Publication information |
Source: Twenty Years at Hull-House Source type: book Document type: book chapter Document title: “Echoes of the Russian Revolution” [chapter 17] Author(s): Addams, Jane Publisher: Macmillan Company Place of publication: New York, New York Year of publication: 1911 Pagination: 400-26 (excerpt below includes only pages 409-10) |
Citation |
Addams, Jane. “Echoes of the Russian Revolution” [chapter 17]. Twenty Years at Hull-House. New York: Macmillan, 1911: pp. 400-26. |
Transcription |
excerpt of chapter |
Keywords |
Leon Czolgosz (activities, whereabouts, etc.: Chicago, IL); anarchists (Chicago, IL). |
Named persons |
William McKinley. |
Notes |
From title page: Twenty Years at Hull-House, with Autobiographical
Notes.
From title page: By Jane Addams, Hull-House, Chicago, Author of “Democracy
and Social Ethics,” “Newer Ideals of Peace,” “The Spirit of Youth and
the City Streets,” etc.
From title page: With Illustrations by Norah Hamilton, Hull-House, Chicago. |
Document |
Echoes of the Russian Revolution [excerpt]

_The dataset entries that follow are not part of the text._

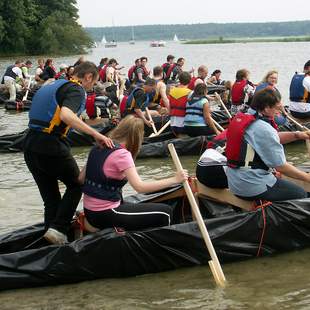 Bootsbau TRI TEAM EVENT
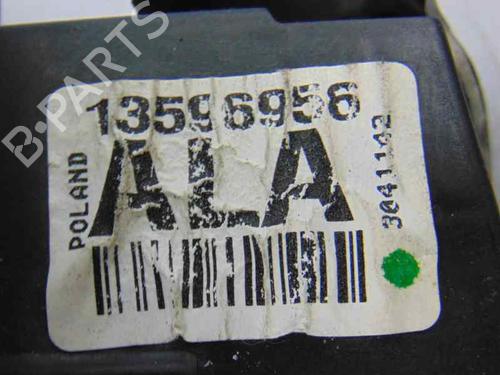 Rear right lock OPEL ASTRA K (B16) 1.6 CDTi (68) | BP7728771C99 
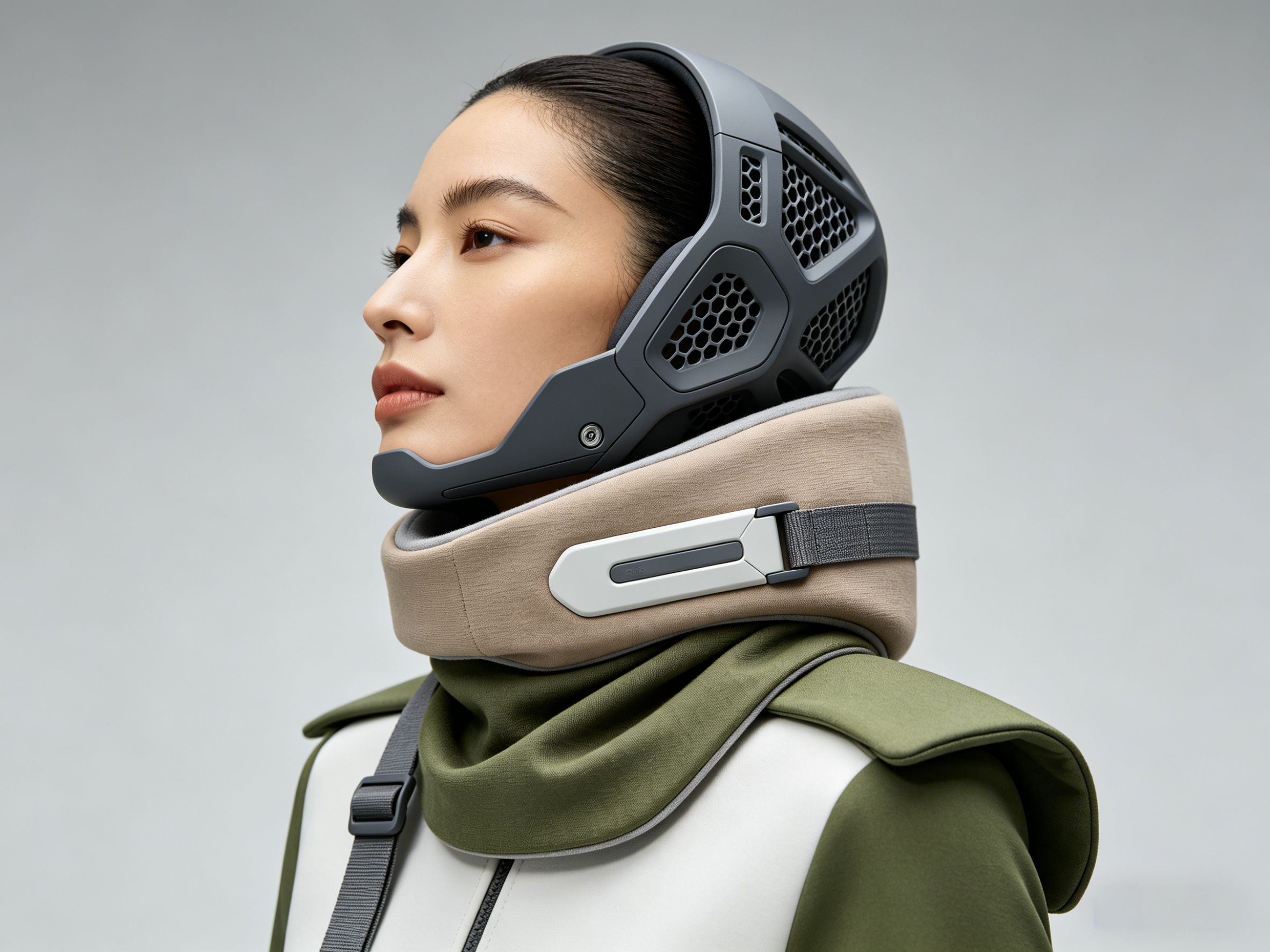 Neck pillow design 22，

The conviction that a sense of fellowship
is the only implement which will break into the locked purpose of a half-crazed
creature bent upon destruction in the name of justice, came to me through an
experience recited to me at this time by an old anarchist.
He was a German cobbler who, through all the changes
in the manufacturing of shoes, had steadily clung to his little shop on a Chicago
thoroughfare, partly as an expression of his individualism and partly because
he preferred bitter poverty in a place of his own to good wages under a disciplinary
foreman. The assassin of President McKinley on his way through Chicago only
a few days before he committed his dastardly deed, had visited all the anarchists
whom he could find in the city, asking them for “the password” as he called
it. They, of course, possessed no such thing, and had turned him away, some
with disgust and all with a certain degree of impatience, as a type of the ill-balanced
man who, as they put it, was always “hanging around the movement, without the
slightest conception of its meaning.” Among other people, he visited the German
cobbler, who treated him much as the others had done, but who, after the event
had made clear the identity of his visitor, was filled with the most bitter
remorse that he had failed [409][410] to utilize
his chance meeting with the assassin to deter him from his purpose. He knew
as well as any psychologist who has read the history of such solitary men that
the only possible way to break down such a persistent and secretive purpose,
was by the kindliness which might have induced confession, which might have
restored the future assassin into fellowship with normal men.